The need to end economic warfare among the states was a driving force behind the push for a more powerful national government. Under the Articles of Confederation, states harassed each other with tariffs and--in James Madison's words--"rival and spiteful measures, dictated by mistaken views of interest." New York and Pennsylvania taxed overseas goods destined for New Jersey, which lacked a seaport. Delaware ignored the trade embargo against Britain and vitiated the union's policy choice and made money in the process. Economic disputes among states provided the impetus for the Annapolis Convention, which in turn led to the Constitutional Convention in Philadelphia.
The Constitution authorizes Congress to regulate commerce among the several states. The central, irreducible purpose of that power is to police state exploitation and discrimination. The constitutional debates contain only nine substantive mentions of the commerce clause. All reference the need to enjoin protectionist or exploitative state legislation; none contemplates affirmative federal regulation over the economy.

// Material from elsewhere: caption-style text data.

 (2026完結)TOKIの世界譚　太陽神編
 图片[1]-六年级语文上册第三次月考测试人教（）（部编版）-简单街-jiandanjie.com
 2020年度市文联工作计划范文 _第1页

If the delegates entertained notions of federal minimum wage laws and such, they kept those thoughts to themselves.
The tough, controversial question is whether the commerce clause prohibits state interferences with interstate commerce even when Congress has failed to regulate it--that is, when the commerce clause is "dormant." Institutionally, that problem translates into the question whether the courts have a role in policing state economic regulation that affects other states (as the view of a "dormant" and exclusive commerce clause implies) or whether the regulation of interstate commerce is left entirely to Congress.

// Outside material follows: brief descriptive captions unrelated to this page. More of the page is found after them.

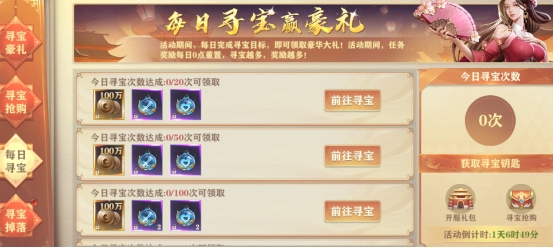 《玄影3.5折》開服活動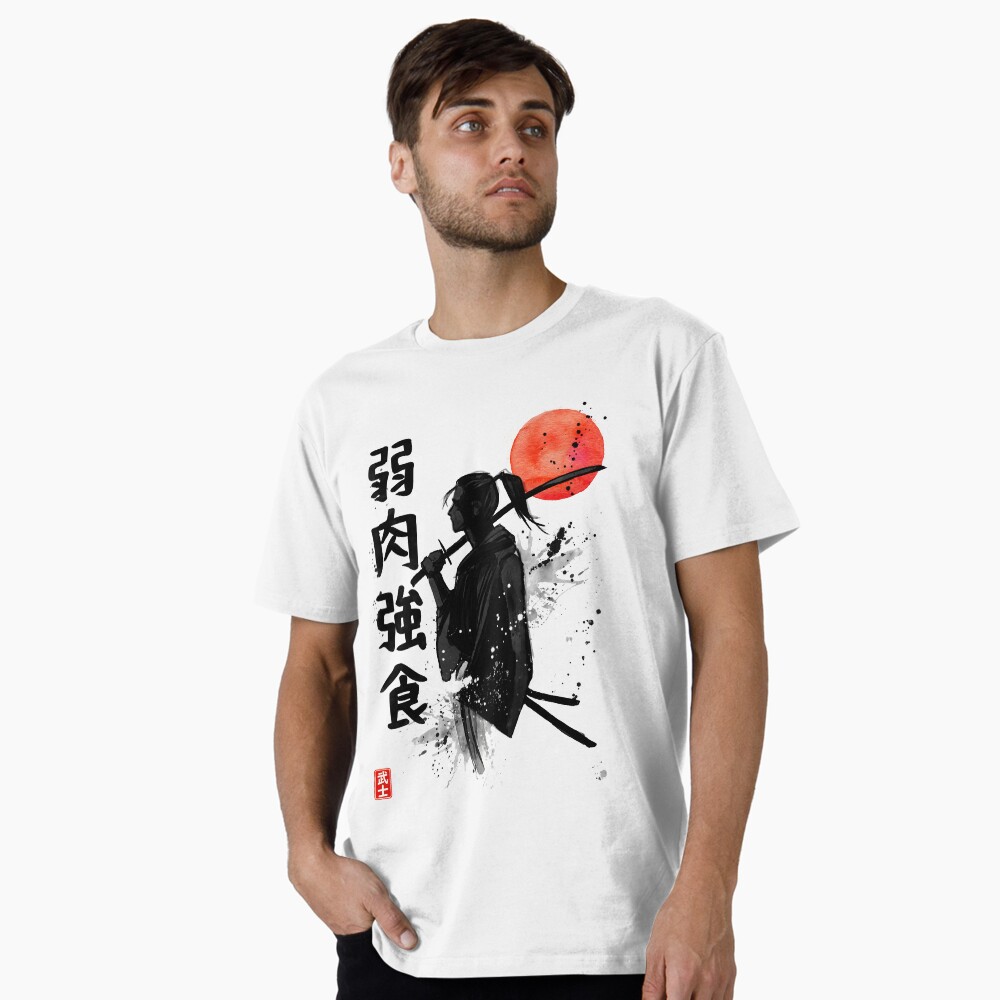 Item preview, Premium T-Shirt designed and sold by Yoteformo.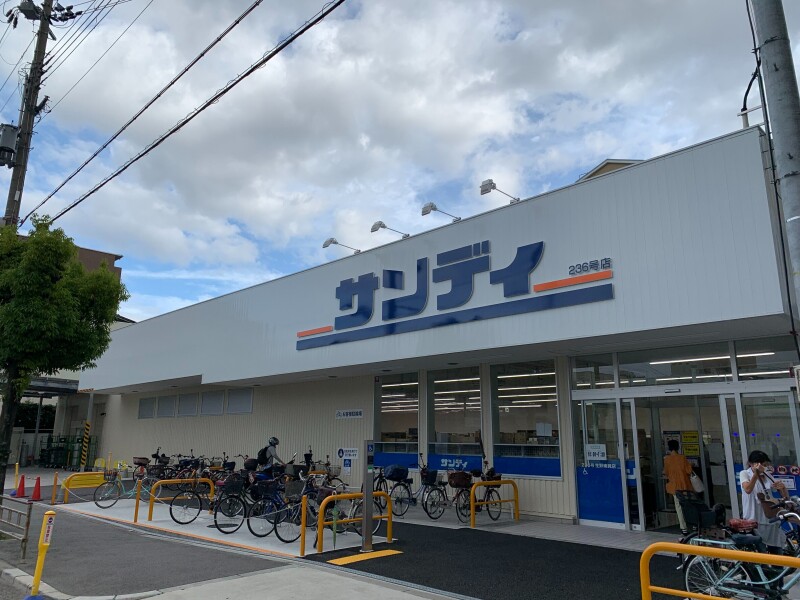 スーパー　サンディ生野南巽店（スーパー）まで547m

James Madison thought that the commerce clause was exclusive--meaning that states had no business regulating interstate commerce, regardless of what Congress through its own fault may have done or have failed to do. Chief Justice John Marshall saw "great force" in that argument. His successor, Roger B. Taney, rejected it. In 1851 the Court settled on the formula that a dormant or "negative" commerce clause exists in some limited domain. That view has, in one form or another, prevailed ever since.
The modern understanding is that the commerce clause is not "exclusive" in the sense of barring state regulation over a certain subject matter. It rather limits the ways in which states may regulate: states may not treat out-of-state interests differently (and worse) from in-state interests. Moreover, states may not directly regulate commercial transactions in other states.

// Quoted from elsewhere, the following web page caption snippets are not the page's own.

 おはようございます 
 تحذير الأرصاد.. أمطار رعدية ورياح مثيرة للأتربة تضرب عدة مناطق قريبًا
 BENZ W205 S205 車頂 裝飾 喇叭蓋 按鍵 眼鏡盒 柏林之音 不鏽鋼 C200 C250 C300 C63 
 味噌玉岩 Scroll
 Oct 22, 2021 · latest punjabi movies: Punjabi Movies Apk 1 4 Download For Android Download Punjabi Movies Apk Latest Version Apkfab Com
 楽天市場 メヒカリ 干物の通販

While the Rehnquist Court has by and large adhered to that view, three justices have called for the demise of the dormant commerce clause. Justice Thomas, in a scorched-earth dissent in a 1997 case called Camps Newfound/Owatonna v. Town of Harrison, argued that "the negative Commerce Clause has no basis in the text of the Constitution, makes little sense, and has proved virtually unworkable in application."[1] Justice Scalia, who had in earlier opinions expressed similar criticisms, joined this plea for a wholesale abandonment, as did Chief Justice Rehnquist. Their argument against the dormant commerce clause has considerable force. But it is neither conclusive nor complete.
Commerce . . .
The Constitution authorizes Congress to regulate commerce among the several states and thus suggests that the states lack that power. Critics of the dormant commerce clause insist, however, that the Founders usually made explicit their intent to divest states of sovereign powers. When and where they failed to do so (as with the commerce clause), the states retain concurrent powers.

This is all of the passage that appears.